One can only imagine the crisis meetings at Television Centre as execs plan a fresh approach.

“I know,” says one, “how about a brand new programme looking at the crisis of creativity in the BBC.”

Banx

“That’s brilliant,” comes the reply, “everyone loves hearing about us; a fly-on-the-wall number?”

“Well actually,” says the first, “I had a rather more outre and daring suggestion. I was thinking Gordon Ramsay meets creative programming …Auntie’s TV Nightmares.”

“So the idea is we get a really great TV exec to come in and film him offensively ripping apart execs as they come up with the same lame, derivative schedules.”

“Or maybe,” chips in another, “what about putting BBC execs in a house, making them create new programmes each week and firing the one who comes up with the worst idea?” Nervous laughter engulfs the room. “Steady on,” says the chairman.

Suddenly the idea’s originator assumes an emollient air. “Of course we wouldn’t fire them in real life; just on the show. In real life we’d probably promote them. In fact, that could be the catchphrase. ‘I’m sorry Joe, but, with regret – I’m making you head of light entertainment.”

“We’d need our own Sir Alan.”

“Yentob?”

“Oh wait,” comes an excited voice, “I’ve got one. We invite teams of viewers to root around in our archive for lost gems we can repeat. Call it Auntie’s Bargain Hunt.”

“Brilliant. Or how about Strictly Come Scheduling. We get a BBC exec and a minor celebrity – both dressed in glamorous outfits – to, er, maybe not.”

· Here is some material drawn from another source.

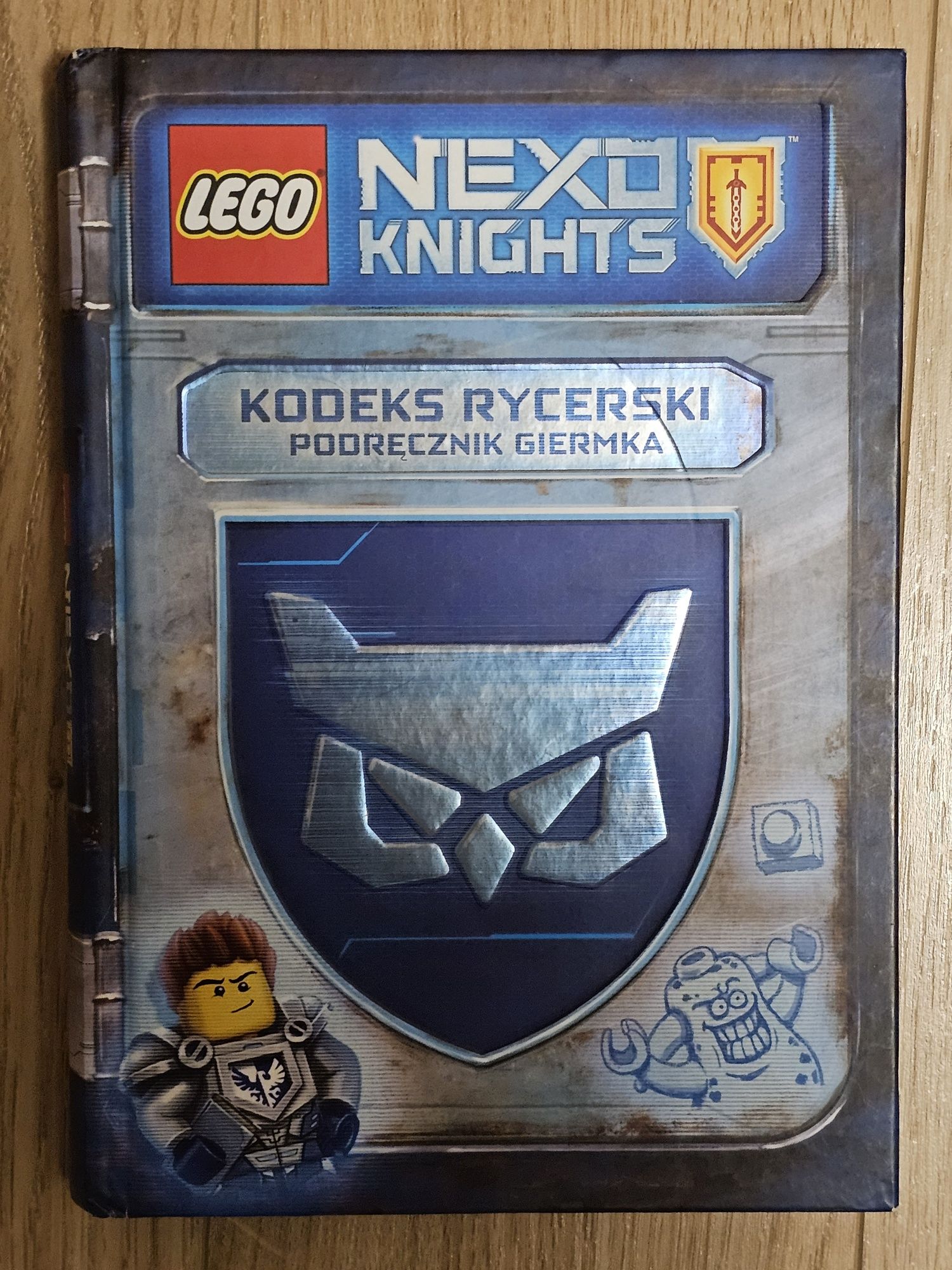 4 książeczki dla dzieci z serii Lego Nexo knights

“Or even better. We get five rich people sitting next to wads of their own cash and programme-makers go before them to pitch their ideas and win their backing.”

“Where will we get people with that kind of cash?” asks one.

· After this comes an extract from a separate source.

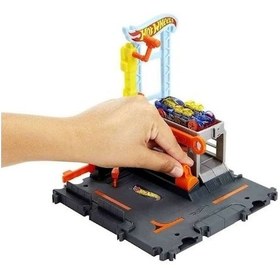 Resim Hot Wheels Şehir Hayatı Serisi HDR24 - Downtown Tune Up Shop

There is silence; and then a lightbulb moment. “Well, what about some of our stars. They’re rolling in it. We could call it Divas’ Den.

“Except that instead of getting their cash, the successful pitchers get to give the stars even more.”

“Well look,” says the convenor, drawing things to a close. “This has been really useful; loads of ideas. Derivative; unimaginative – I think the trust is eating its words today.”

Terror in the racks

While on the subject of the media, it has been reported that al-Qaeda is planning an English-language magazine that may include such delightful features as bomb-making in mum’s kitchen. The report is unverified and may even be a hoax but, if the mag is for real, it will need some regular features.
1) A Cave of My Own: AQ
leaders tell us how they have decorated their living quarters. (Kilims and anti-satellite devices are in this year.)
2) Travel features. This month: Yemen. Next month: Yemen.
3) Glamour shots. Obviously a tricky area. But given the target audience it would be foolish to ignore the appeal of lad’s mags such as Nuts. An appropriate twist might be to feature the ubiquitous naked models, modestly attired. Many people – jihadis and otherwise – would pay good money for photo spreads of Jordan, fully clothed.

A mind imprisoned

Kenneth Clarke’s plan to send fewer people to jail because we can’t afford to build more prisons may have economic logic but it shows a miserable lack of imagination. There are, after all, many tried and tested alternatives to prison.

Transportation: Now safer and more efficient. Australia may be out now that it is considered a desirable location but there are many unpleasant countries that are not yet able to beat us at soccer or cricket.

The stocks: Low cost; high impact. Ideal for minor offences.

Mutilation: May cause human rights backlash but, if the penal code is now being driven by economic considerations, could prove very cost- effective. However, Treasury would need to evaluate hidden costs such as rise in disability payments. Hanging may offer better value.